How are you applying the skills you learned through your studies at UBC? 

I've become very focused on my goals and exactly how I want to achieve them. Less of my energy and time is wasted on inconsequential tasks or activities, leaving me more time to enjoy myself. As a naturally anxious person, this has proven invaluable.

What advice would you give a student entering your degree program? 

Don't sacrifice your mental and physical health in order to excel (especially try to avoid sleep deprivation). It's not worth it and your performance will take hits that will prove difficult to recover from. Stay on the ball with time management, or you'll spend your entire program playing catch-up. 

Learn to accept criticism and try not to take it personally. This will be difficult, as you will invest dozens of hours into a single project that will be critiqued and wrapped in 10 minutes or less.

Ask your studio classmates for peer reviews. You're in one of the most creative environments on campus - take advantage of it!

How do you feel your degree has benefitted you compared to a different field of study? 
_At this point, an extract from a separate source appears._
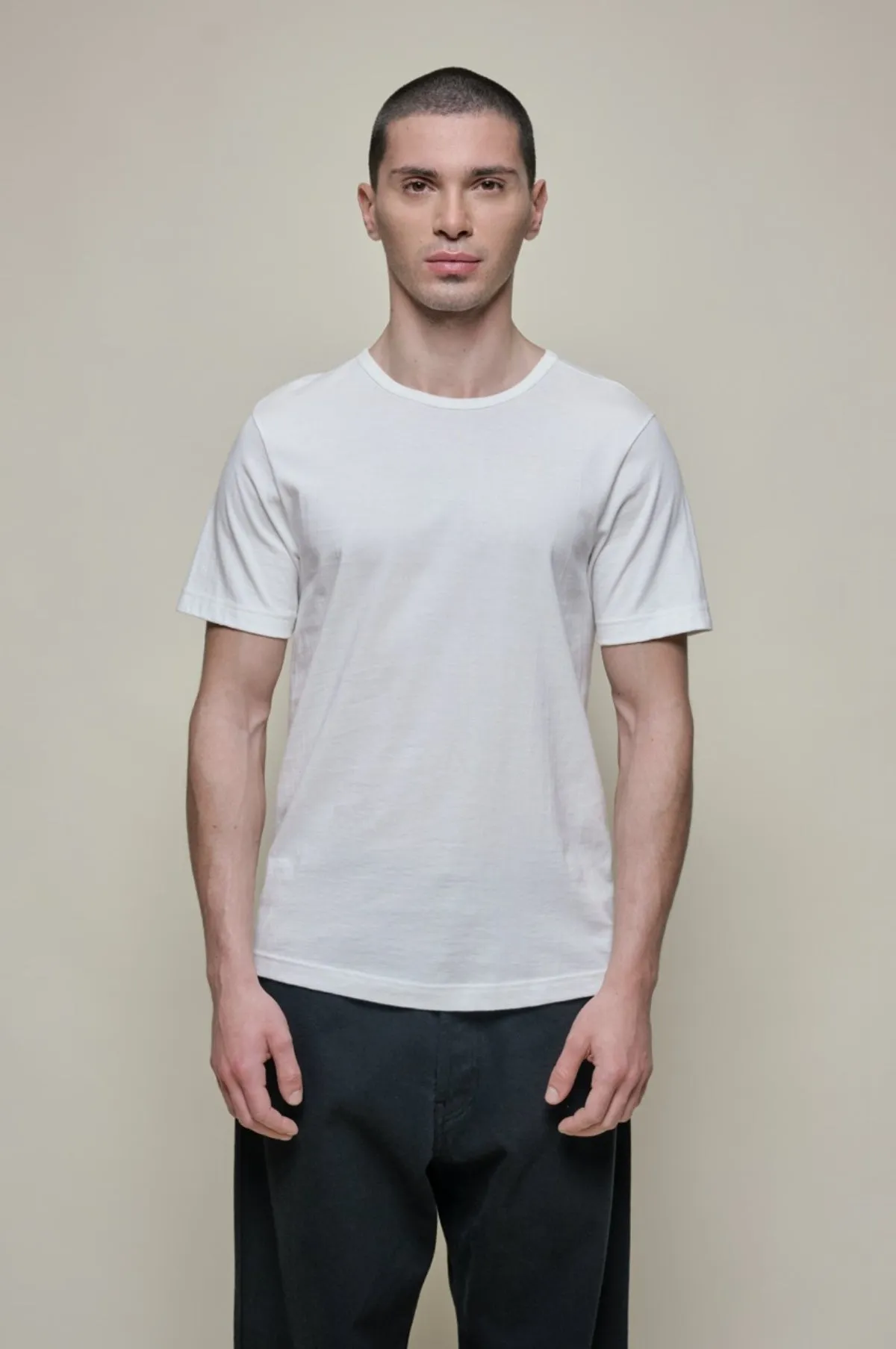 1950s Loopwheel T-Shirt White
Before BEND, I was in Forestry. I quickly realized how little interest I had in the subject despite my interest in sustainable practices and it was because I wasn't designing anything. Being in this program has allowed me to evolve both creatively and practically.

Where do you find your inspiration? 

There are numerous people I can attribute my inspiration to. 
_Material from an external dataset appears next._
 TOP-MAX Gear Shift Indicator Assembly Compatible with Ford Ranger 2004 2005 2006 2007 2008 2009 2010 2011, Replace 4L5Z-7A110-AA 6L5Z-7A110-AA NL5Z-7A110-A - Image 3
Leslie Van Duzer has always been a huge inspiration for me, especially as a woman in a male-dominated industry. 
Travis Hanks challenged me to break out of my inherently straight-laced thinking pattern. 
Bill Pechet inspired me to think whimsically and encouraged beauty in simplicity when it's so easy to become obsessed with complexity. 
Graham Entwistle unfailingly guided me in times of bemusement regardless of if it was related to school or architecture.

What are your immediate and/or long-term plans for the future? 

I plan to take a year off from school to continue to grow and design Get Thrifty as well as amass more working experience at architecture firms. Following that, I plan to return to school for my Masters of Architecture, though where I would apply to is yet to be determined.

What are your future plans to make a difference in our world?    

I want to design homes for densely populated cities and make waves in how compact housing can be revitalized. I enjoy the challenge of making small spaces feel open and welcoming, and I want to apply my experience and passion for sustainability in my designs. Ultimately, I would love to open my own practice.

How has your identity informed your academic and professional experiences within your field at UBC and beyond?

As a POC and a woman, it is a daunting endeavour to effectively 'infiltrate' the white male-dominated industry of architecture. However, seeing the diverse spread of students in my program, I am feeling encouraged by the coming generation of architects.